80% der Cloud-Dienste sind nicht standardisiert

Ist Cloud-native pauschal die bessere Wahl?

von - 13.04.2017
com! professional: Ist es denn immer besser, eine Applikation Cloud-native zu entwickeln?
Kratzke: Das kann man in meinen Augen nicht pauschal beantworten. In dem Moment, wo ich Dienste anbieten will, die Hunderttausende oder gar Millionen von Kunden adressieren, ist es sicher sinnvoll, die Systeme von vornherein auf eine hohe horizontale Skalierbarkeit hin zu entwickeln. Habe ich eine überschaubare, definierte Nutzerzahl – wie bei unserem E-Learning-System an der Hochschule Lübeck –, dann lässt sich das sehr gut auch mit einer klassischen Software-Architektur abbilden. Sicher schadet auch in so einem Fall die Flexibilität und Skalierbarkeit einer Cloud-nativen Applikation nicht, vermutlich würde man sie aber nie nutzen. Der Fall läge vollkommen anders, wenn man das System perspektivisch als Dienst für alle deutschen Hochschulen bereitstellen wollen würde, dann reden wir von Millionen Nutzern.
com! professional: Wie sieht es mit den Kosten aus? Ist es nicht günstiger, eine Applikation in der Cloud zu betreiben?
Kratzke: Nicht unbedingt. Prognosen für Cloud-Kosten sind schwierig und ein Kapitel für sich.

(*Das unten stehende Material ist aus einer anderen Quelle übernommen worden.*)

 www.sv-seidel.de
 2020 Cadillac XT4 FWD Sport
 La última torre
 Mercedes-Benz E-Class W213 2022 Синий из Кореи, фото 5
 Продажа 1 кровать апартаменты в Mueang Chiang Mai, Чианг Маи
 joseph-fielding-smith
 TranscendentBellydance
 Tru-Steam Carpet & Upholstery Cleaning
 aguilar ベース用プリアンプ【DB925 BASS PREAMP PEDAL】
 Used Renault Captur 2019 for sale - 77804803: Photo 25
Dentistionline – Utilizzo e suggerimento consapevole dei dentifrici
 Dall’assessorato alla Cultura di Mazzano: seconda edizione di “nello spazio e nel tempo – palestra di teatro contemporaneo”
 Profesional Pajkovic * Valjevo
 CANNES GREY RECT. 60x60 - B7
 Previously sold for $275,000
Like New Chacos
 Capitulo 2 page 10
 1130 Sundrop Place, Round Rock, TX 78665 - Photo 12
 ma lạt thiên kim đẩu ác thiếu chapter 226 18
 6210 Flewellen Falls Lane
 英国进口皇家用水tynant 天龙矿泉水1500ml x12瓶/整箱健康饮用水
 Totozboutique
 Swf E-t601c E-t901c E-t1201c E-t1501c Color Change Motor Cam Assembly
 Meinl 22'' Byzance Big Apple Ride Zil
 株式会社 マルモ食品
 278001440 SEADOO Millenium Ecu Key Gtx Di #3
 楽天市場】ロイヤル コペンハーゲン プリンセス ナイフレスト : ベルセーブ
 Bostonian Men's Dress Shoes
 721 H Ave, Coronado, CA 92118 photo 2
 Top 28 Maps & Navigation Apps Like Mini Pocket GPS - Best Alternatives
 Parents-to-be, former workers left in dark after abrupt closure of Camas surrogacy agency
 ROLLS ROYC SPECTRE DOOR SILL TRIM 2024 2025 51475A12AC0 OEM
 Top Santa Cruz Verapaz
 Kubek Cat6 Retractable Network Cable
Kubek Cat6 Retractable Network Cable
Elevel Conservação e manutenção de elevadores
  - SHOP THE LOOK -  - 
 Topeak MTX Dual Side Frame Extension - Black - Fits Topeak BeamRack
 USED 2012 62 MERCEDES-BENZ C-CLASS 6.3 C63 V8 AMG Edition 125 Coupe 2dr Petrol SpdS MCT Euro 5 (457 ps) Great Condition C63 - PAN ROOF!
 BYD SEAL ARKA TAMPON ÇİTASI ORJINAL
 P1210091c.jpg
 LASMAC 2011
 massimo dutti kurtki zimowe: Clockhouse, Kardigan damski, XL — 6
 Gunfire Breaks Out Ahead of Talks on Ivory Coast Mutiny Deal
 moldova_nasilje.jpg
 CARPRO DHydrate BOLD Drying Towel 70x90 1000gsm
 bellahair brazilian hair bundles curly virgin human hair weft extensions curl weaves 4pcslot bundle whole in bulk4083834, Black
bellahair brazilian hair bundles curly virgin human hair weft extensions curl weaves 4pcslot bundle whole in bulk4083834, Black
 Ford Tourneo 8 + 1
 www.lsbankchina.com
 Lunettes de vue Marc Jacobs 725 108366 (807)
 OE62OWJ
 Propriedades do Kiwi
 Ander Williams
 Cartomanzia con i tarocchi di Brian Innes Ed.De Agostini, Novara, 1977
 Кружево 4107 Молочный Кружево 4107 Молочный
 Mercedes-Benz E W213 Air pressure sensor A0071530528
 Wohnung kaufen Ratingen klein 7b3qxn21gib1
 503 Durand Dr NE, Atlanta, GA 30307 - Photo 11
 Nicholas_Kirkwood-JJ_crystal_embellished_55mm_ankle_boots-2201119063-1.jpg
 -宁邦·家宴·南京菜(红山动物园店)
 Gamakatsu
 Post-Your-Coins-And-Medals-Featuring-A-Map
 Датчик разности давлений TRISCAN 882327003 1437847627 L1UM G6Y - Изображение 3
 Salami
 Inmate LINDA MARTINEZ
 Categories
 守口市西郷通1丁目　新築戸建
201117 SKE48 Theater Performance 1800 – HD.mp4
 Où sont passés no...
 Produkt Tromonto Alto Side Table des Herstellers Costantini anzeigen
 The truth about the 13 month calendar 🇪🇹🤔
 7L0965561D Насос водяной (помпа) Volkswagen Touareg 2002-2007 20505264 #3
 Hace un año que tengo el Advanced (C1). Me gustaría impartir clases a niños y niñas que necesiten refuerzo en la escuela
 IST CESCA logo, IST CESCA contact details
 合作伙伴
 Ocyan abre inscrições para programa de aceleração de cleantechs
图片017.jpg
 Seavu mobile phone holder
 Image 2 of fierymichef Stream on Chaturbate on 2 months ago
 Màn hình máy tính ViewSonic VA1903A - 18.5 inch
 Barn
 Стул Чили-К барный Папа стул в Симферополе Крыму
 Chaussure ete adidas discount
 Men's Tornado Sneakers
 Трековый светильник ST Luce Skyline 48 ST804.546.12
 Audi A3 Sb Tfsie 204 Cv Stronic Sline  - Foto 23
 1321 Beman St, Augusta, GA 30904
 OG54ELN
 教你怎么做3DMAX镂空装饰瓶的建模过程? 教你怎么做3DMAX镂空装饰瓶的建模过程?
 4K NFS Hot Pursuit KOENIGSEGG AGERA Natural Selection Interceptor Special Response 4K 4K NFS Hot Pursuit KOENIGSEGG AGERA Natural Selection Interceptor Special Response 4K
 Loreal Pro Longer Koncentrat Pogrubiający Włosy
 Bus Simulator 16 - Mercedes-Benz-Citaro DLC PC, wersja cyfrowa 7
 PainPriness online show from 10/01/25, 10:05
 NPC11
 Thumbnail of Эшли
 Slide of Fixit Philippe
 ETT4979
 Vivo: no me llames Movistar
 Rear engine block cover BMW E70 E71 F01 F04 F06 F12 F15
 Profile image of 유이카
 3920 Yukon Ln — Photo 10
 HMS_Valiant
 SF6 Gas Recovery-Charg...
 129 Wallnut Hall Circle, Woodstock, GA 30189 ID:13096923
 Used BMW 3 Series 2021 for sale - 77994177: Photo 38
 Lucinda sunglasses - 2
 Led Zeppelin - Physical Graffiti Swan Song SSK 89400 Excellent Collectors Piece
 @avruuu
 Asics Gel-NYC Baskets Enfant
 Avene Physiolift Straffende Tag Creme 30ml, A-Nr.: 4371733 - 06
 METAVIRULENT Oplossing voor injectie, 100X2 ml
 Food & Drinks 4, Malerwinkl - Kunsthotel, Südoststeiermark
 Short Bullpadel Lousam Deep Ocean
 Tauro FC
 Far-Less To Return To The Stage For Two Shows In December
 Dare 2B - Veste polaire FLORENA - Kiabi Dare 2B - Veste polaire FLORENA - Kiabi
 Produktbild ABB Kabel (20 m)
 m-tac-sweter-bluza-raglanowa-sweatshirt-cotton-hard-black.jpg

Als „Daumenregel“ gilt: Applikationen in der Cloud sind aus Kostensicht immer dann sinnvoll, wenn die Zugriffszahlen kaum vorhersehbar sind oder in eng begrenzten Zeiträumen sehr hohe Spitzenlasten auftreten. Bei relativ statischen Workloads und geringen Skalierungserfordernissen ist es meist günstiger, die Infrastruktur im eigenen Haus zu betreiben. Das ist aber wie gesagt eine Daumenregel: Da sollte man jeden Fall einzeln betrachten.
com! professional: Cloud-native ist also nicht in jedem Fall die sinnvollste Strategie?
Kratzke: Wenn man Applikationen grundsätzlich nach den Cloud-nativen Prinzipien konzipiert, macht man vermutlich nichts falsch. Man muss sich allerdings auch mehr Gedanken bei der Entwicklung machen und hat unter Umständen viele Aufwände, die im normalen, überschaubaren Betrieb womöglich kaum etwas bringen. Hier ist es wichtig zu wissen, welche Perspektiven man mit einem System verfolgt. Es ist in etwa so, als wenn man jeden Mittelkasse-Pkw für die Höchstgeschwindigkeit eines Formel-1-Rennwagens konzipieren würde. Es schadet nicht, aber der zusätzliche Engineering-Aufwand wäre für den Fahralltag vermutlich unerheblich.